When it comes to losing weight, cardiovascular exercise is an essential factor that plays into your success. Without cardio, losing weight will take much longer. While strength training helps you get toned, cardio burns fat quickly. Running is an excellent form of cardio that you can begin through your neighborhood, in the park, or at the gym.

The following running program helps you get started gradually and work your way up. Instead of uncomfortably forcing yourself to go long distances, this program eases you in at your own pace.

A Running Program to Lose Weight

Prepare Mentally and Physically

Understand that beyond burning fat, running improves your cardiovascular health and boosts your mood. In fact, running increases levels of serotonin, a neurotransmitter that promotes contentment.

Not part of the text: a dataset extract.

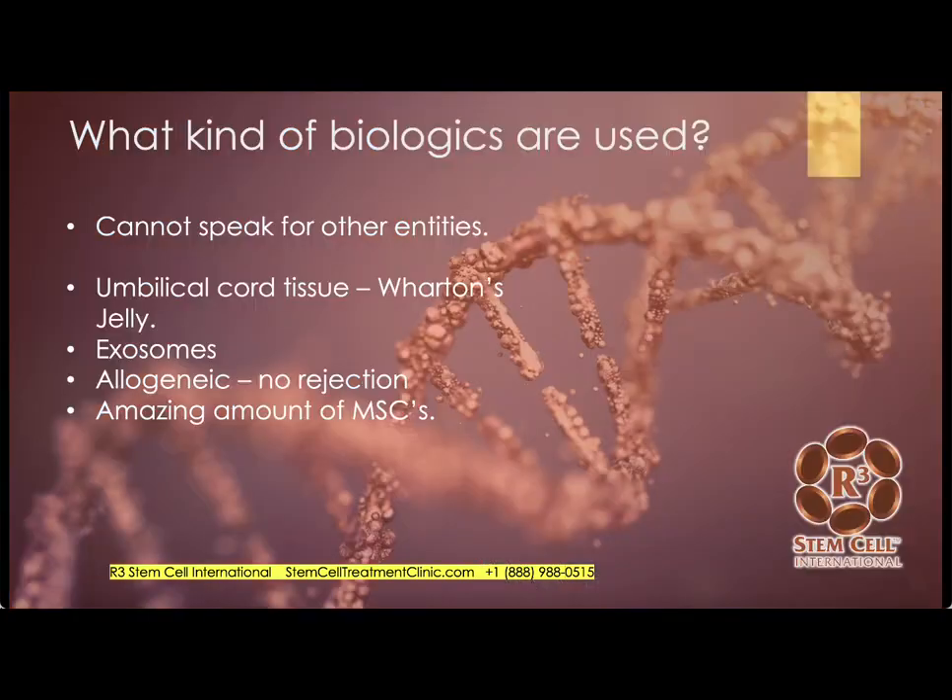What kind of biologics are used? I can't speak for other entities, but we use umbilical cord tissue — specifically from the Wharton's jelly part of the umbilical cord. Over 10 years of doing these procedures, we found that umbilical cord tissue stem cells are exponentially more active than those from bone marrow or your own adipose tissue. Five years ago we basically switched to using those only. A few years ago we added stem cell exosomes. They are byproducts of stem cells and are very active in cell-to-cell communication and in facilitating repair and regeneration of areas of the body.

It's also important to get good sneakers to minimize impact and ensure your foot is comfortable, thereby protecting your whole body. A good pair of running shoes should have room for your toes to wiggle.

Start by Walking

Start the first week off with a lot of walking. This gets you used to a routine and is a great way to develop a daily discipline. The first week, try walking briskly 20 - 30 minutes for five days of the week. You can make it fun and increase encouragement by starting off with a friend if you'd like, as it's a great way to catch up and keep a positive attitude.

Stretch

After you run or walk, you should do 5 - 10 minutes of stretching to cool down. Stretching is essential to gain flexibility and improve range of motion. This can prevent injuries to the ankles, knees, calves, thighs, and hips. After your run, a good stretch can ease tense muscles and minimize soreness. Also, make sure that as you run, your shoulders and jaw do not become tense. Keep breathing deeply and remain relaxed.

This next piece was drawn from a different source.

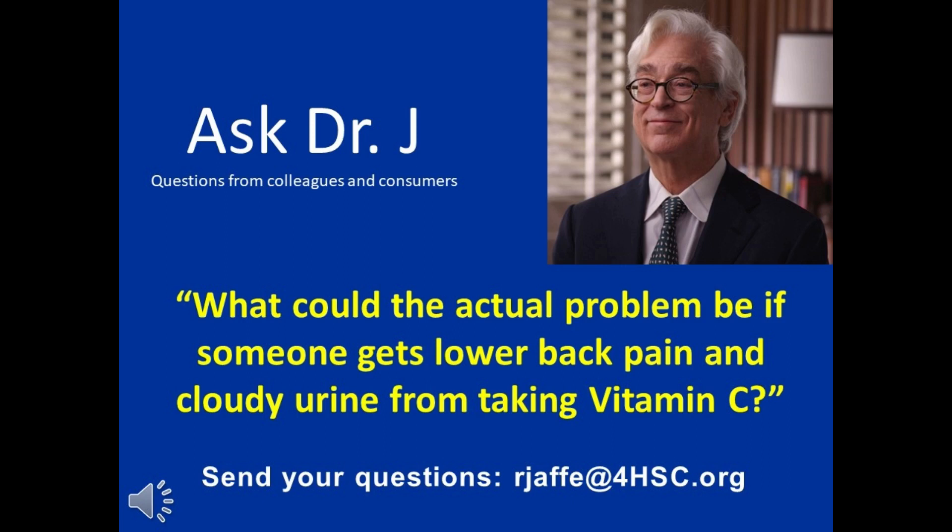Dr. Jaffe, a customer writes in and says a few of my patients and I get lower back pain after two to three days of vitamin C. I also get cloudy urine when taking vitamin C. What could the problem be?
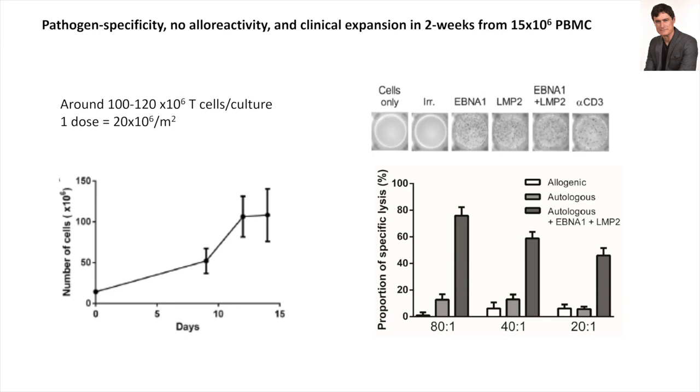If you use an irrelevant peptide or cells only, there's nothing. The positive control is anti-CD3 antibody. EBNA1 and LMP2 are the only conditions where you see secretion. The cytotoxicity assay shows that allogeneic targets are not killed by these cells — very important because we want to use these cells in transplantation and obviously don't want to cause graft-versus-host disease. There is a very sharp cytotoxicity to autologous targets pulsed with the relevant peptides.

Alternate Walking and Running

Weeks 2 and 3 should focus mostly on alternating between walking and running. Warm up by starting with a few minutes of walking. Then try walking for one minute and running for one minute, on and off for 10 minutes on Monday and Tuesday. Then, on the final three days, alternate two to three minutes of running with one minute of walking for 12 - 15 minutes.

Increase Your Time

Don't worry about how far you're going - it's more about how you feel. Weeks 4, 5, and onward continue the alternation between running and walking, but run for longer periods of time. Start running for eight minutes, then walking for three, then gradually work your way to 12, 18, 25, and 30 minutes at once. When running, you should be at a pace where you can keep up a conversation, but not sing a song.

Have a Day of Rest

Choose two days a week to rest and reap the rewards of your run. Make sure to eat a balanced diet of whole grains, fruits, vegetables, and lean proteins to maximize the benefits. Though you may be eager to lose weight, it's important to have days of rest in order to give the muscles and other tissues time to repair themselves from the natural wear and tear of running and exercise.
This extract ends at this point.